[PATCH v5 16/17] xl: enable for specifying node-affinity in the config file

xen-devel.lists.xenproject.org archive mirror
 help / color / mirror / Atom feed

From: Dario Faggioli <dario.faggioli@citrix.com>
To: xen-devel@lists.xen.org
Cc: Marcus Granado <Marcus.Granado@eu.citrix.com>,
	Keir Fraser <keir@xen.org>,
	Ian Campbell <Ian.Campbell@citrix.com>,
	Li Yechen <lccycc123@gmail.com>,
	George Dunlap <george.dunlap@eu.citrix.com>,
	Andrew Cooper <Andrew.Cooper3@citrix.com>,
	Juergen Gross <juergen.gross@ts.fujitsu.com>,
	Ian Jackson <Ian.Jackson@eu.citrix.com>,
	Jan Beulich <JBeulich@suse.com>,
	Justin Weaver <jtweaver@hawaii.edu>, Matt Wilson <msw@amazon.com>,
	Elena Ufimtseva <ufimtseva@gmail.com>
Subject: [PATCH v5 16/17] xl: enable for specifying node-affinity in the config file
Date: Mon, 02 Dec 2013 19:29:51 +0100	[thread overview]
Message-ID: <20131202182951.29026.71841.stgit@Solace> (raw)
In-Reply-To: <20131202180129.29026.81543.stgit@Solace>

in a similar way to how it is possible to specify vcpu-affinity.

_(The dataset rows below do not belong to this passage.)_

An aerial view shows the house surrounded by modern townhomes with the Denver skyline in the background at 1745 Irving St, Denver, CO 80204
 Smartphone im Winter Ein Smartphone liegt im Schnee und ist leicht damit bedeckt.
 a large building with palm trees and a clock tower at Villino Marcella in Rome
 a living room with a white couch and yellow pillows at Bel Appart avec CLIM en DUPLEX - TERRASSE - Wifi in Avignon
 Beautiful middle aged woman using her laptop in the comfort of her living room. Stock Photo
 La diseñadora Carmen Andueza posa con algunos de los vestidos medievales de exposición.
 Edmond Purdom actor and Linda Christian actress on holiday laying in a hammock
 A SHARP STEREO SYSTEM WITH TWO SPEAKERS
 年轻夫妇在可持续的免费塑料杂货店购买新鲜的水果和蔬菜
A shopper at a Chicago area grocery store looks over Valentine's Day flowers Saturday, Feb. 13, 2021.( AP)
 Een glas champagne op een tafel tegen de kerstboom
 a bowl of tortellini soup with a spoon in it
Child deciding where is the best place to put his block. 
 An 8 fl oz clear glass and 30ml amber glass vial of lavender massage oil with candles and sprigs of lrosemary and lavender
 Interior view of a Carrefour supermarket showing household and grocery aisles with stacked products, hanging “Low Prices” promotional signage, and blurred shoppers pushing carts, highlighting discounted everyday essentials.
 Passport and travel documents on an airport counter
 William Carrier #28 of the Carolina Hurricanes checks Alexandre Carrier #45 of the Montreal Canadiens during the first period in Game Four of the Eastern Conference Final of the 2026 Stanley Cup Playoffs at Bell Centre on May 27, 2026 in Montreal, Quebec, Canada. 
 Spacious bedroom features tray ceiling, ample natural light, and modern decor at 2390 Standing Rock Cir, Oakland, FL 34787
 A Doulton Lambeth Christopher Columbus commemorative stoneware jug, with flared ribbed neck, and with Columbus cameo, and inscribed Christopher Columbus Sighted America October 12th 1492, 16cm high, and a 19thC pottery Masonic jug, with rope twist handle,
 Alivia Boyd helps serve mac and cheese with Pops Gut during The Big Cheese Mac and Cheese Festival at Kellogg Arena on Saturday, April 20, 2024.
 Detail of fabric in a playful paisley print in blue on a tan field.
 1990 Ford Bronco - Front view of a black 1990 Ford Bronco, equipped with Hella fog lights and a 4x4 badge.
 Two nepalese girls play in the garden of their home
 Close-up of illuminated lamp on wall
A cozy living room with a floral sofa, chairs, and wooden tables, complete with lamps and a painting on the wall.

Signed-off-by: Dario Faggioli <dario.faggioli@citrix.com>
---
Changes from v4:
 * fix typos and rephrase docs, as suggested during review;
 * more refactoring, i.e., more addressing factor of potential
   common code, as requested during review.

Changes from v3:
 * fix typos and language issues in docs and comments, as
   suggested during review;
 * common code to soft and hard affinity parsing factored
   together, as requested uring review.

Changes from v2:
 * use the new libxl API. Although the implementation changed
   only a little bit, I removed IanJ's Acked-by, although I am
   here saying that he did provided it, as requested.
---
 docs/man/xl.cfg.pod.5    |   23 ++++-
 tools/libxl/xl_cmdimpl.c |  216 ++++++++++++++++++++++++++++++----------------
 2 files changed, 161 insertions(+), 78 deletions(-)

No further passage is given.